Uncertainties in the recycling sector did not prevent waste management group Cleanaway increasing revenue and profits during the year.
The company reported EBITDA up 2.5 per cent in the first half to $234.6 million on sales up 4.1 per cent to $$1.19 billion.
The company’s $671 acquisition of Toxfree Solutions and subsequent integration into the business is progressing, with the purchase a template for the subsequent acquisition of the SKM business from its liquidators.
Cleanaway, Australia’s biggest recycler, is now the world’s 17th largest in the segment, with 252 sites in Australia alone.
Earlier this week Cleanaway, Pact group and Asahi Beverages announced they would build a plastics recycling plant at Albury/Wodonga, as reported in @AuManufacturing news.
Cleanaway CEO Vik Bansal said the company’s profit increased despite lower commodity prices and a reduction of waste flow into its Queensland landfill with the introduction of a state waste levy.

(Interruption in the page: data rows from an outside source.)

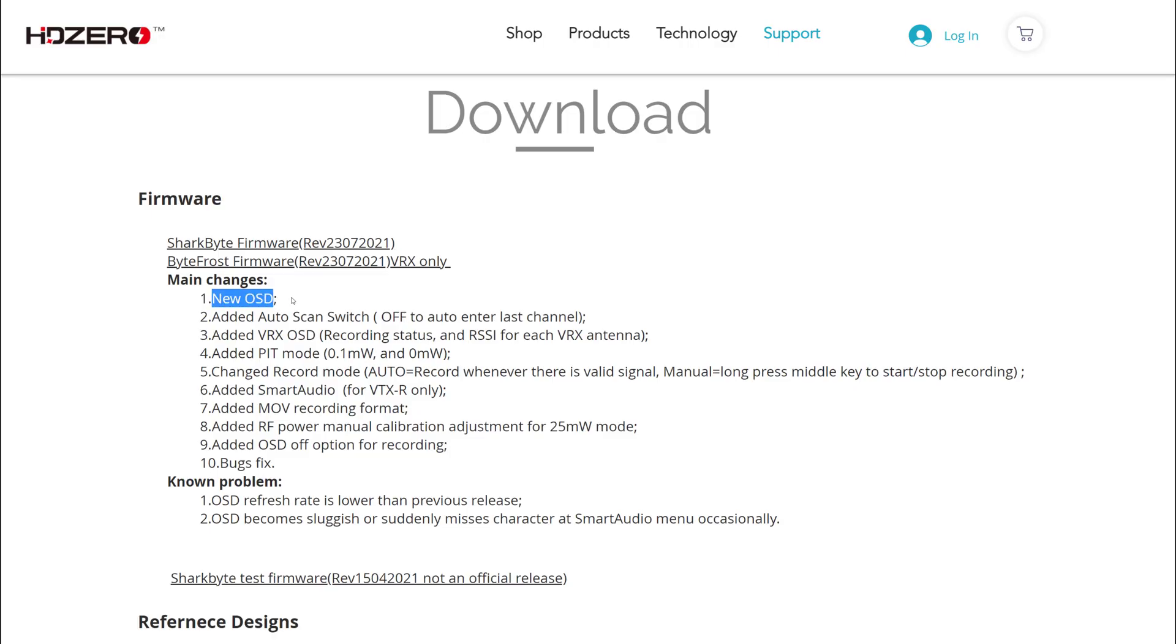So there's a new on-screen display. It's been rewritten from the ground up and now has support for different kinds of fonts. I don't know if this particular build has the ability to change fonts, but I know that that is coming in the future. But the main thing you'll notice is the font is a little bit bigger, which will be easier to see.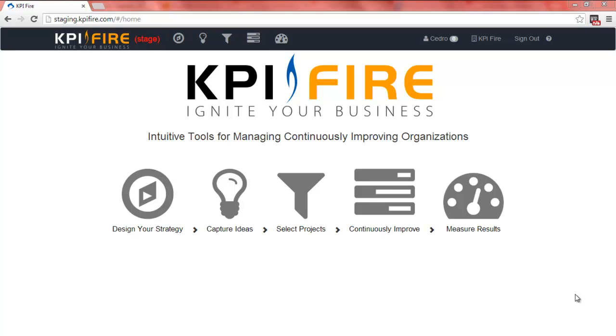Welcome to KPI Fire. In this tutorial, I'll show you how to take an idea from the idea funnel and start a project.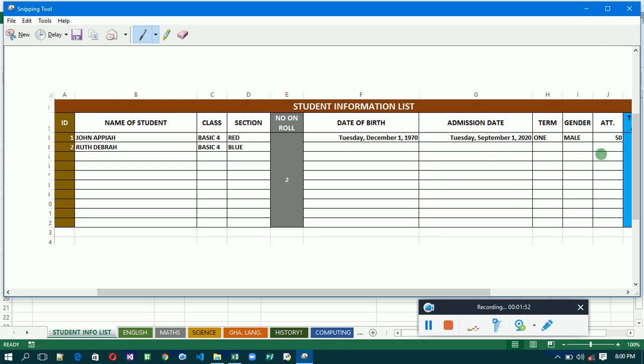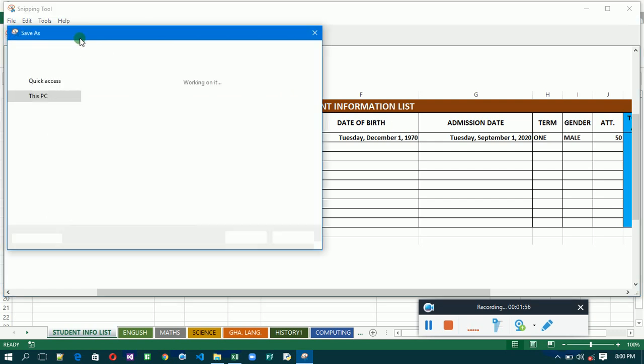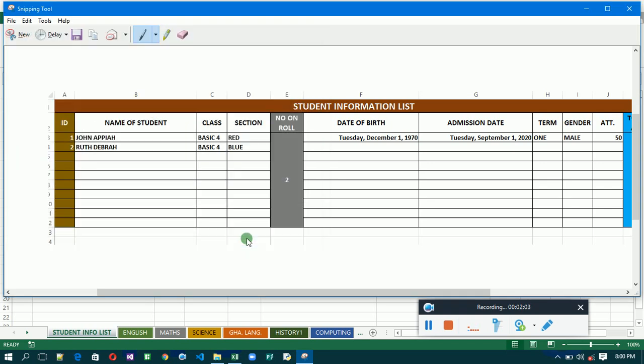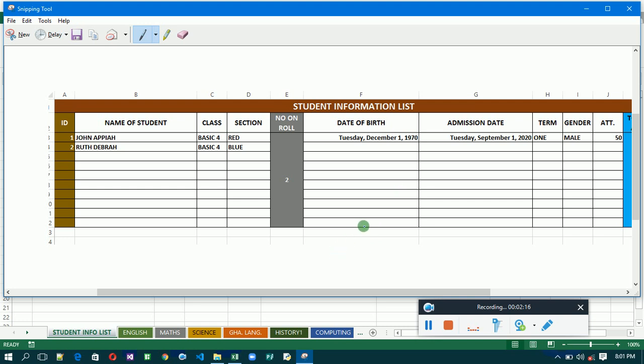Then you save it and give it a name. So that's a simple way you can take a screenshot of your work and post it here. Anytime you are required to post your work, this is how you should do it.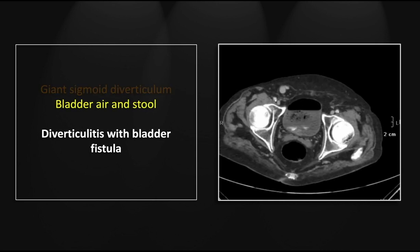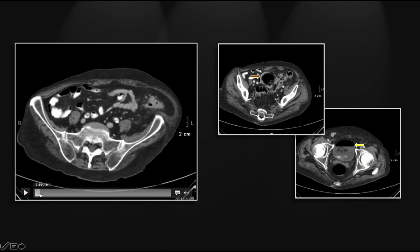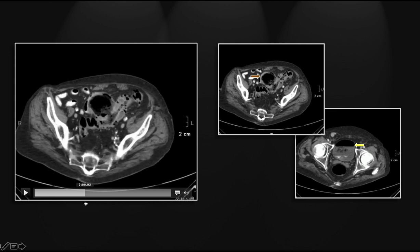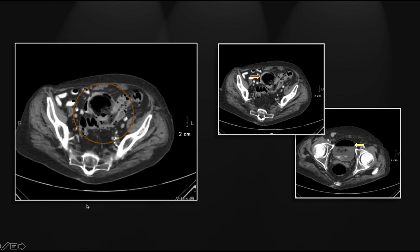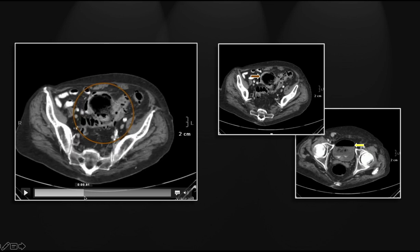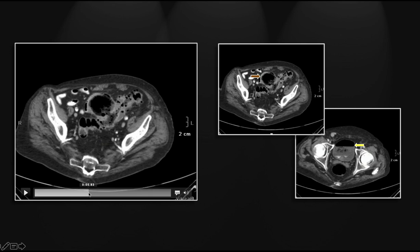In the bladder, there is a very obvious gas-fluid level as well as intraluminal hypodensity consistent with stool. Posteriorly, there is normally excreted contrast. Let's look first at that giant sigmoid diverticulum, its heterogeneous wall thickening, and that defect at its base which communicates with the sigmoid lumen. Note again the sigmoid diverticulosis and wall thickening.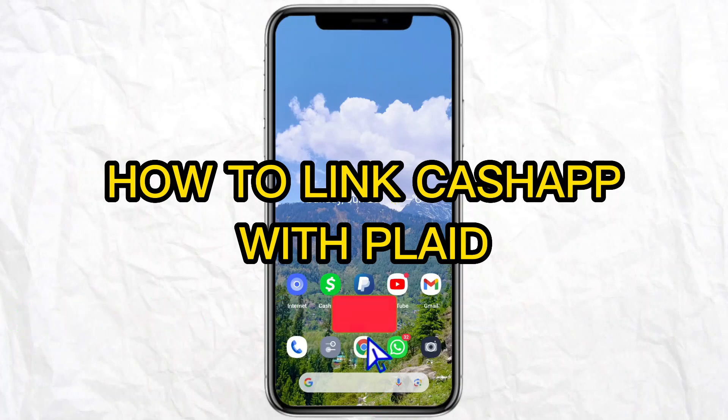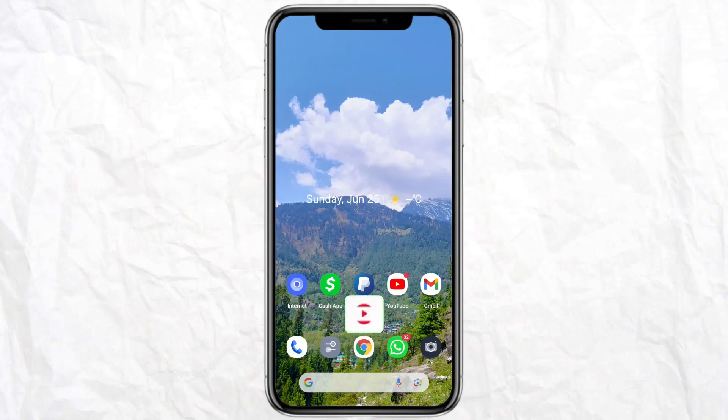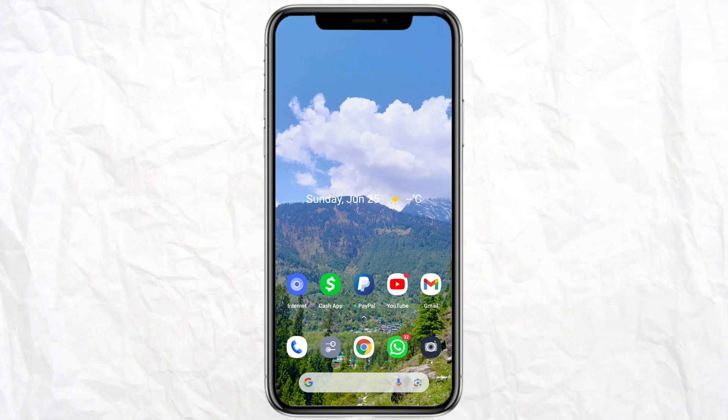Hello everyone, welcome back to our channel. In today's video, I'm going to tell you how to link Cash App with Plaid. First of all, what is Plaid? Plaid is a fintech company that facilitates communication between financial services apps and users' bank and credit card providers during a transaction. Plaid communicates with your bank or credit card provider on your behalf.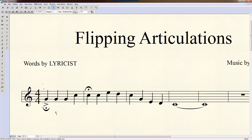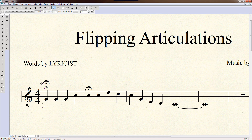If you want to move both of them, hold down the Shift key while the first one is selected, then select the next one. You'll notice two pink boxes, meaning both are selected. Press the F key and it moves them both to the top and flips them the proper way.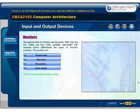We assume that all monitors are the same — well, they are not. There are four basic qualities associated with monitors which differentiate the types of monitors available. The qualities are screen size, dot pitch, resolution, and color depth. Click on each quality for further details.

Bansal said: ” We are nearing the final stages of the Toxfree integration process and remain on track to deliver $35 million in synergies expected from the acquisition.”
He said the company was seeking to develop a circular economy from its waste collections and sorting businesses.
“Ultimately this will only be possible when the economic framework supports investment in downstream commodity manufacture.
“Demand for recycled materials must be created and underpinned by robust and consistent government policies and community support.”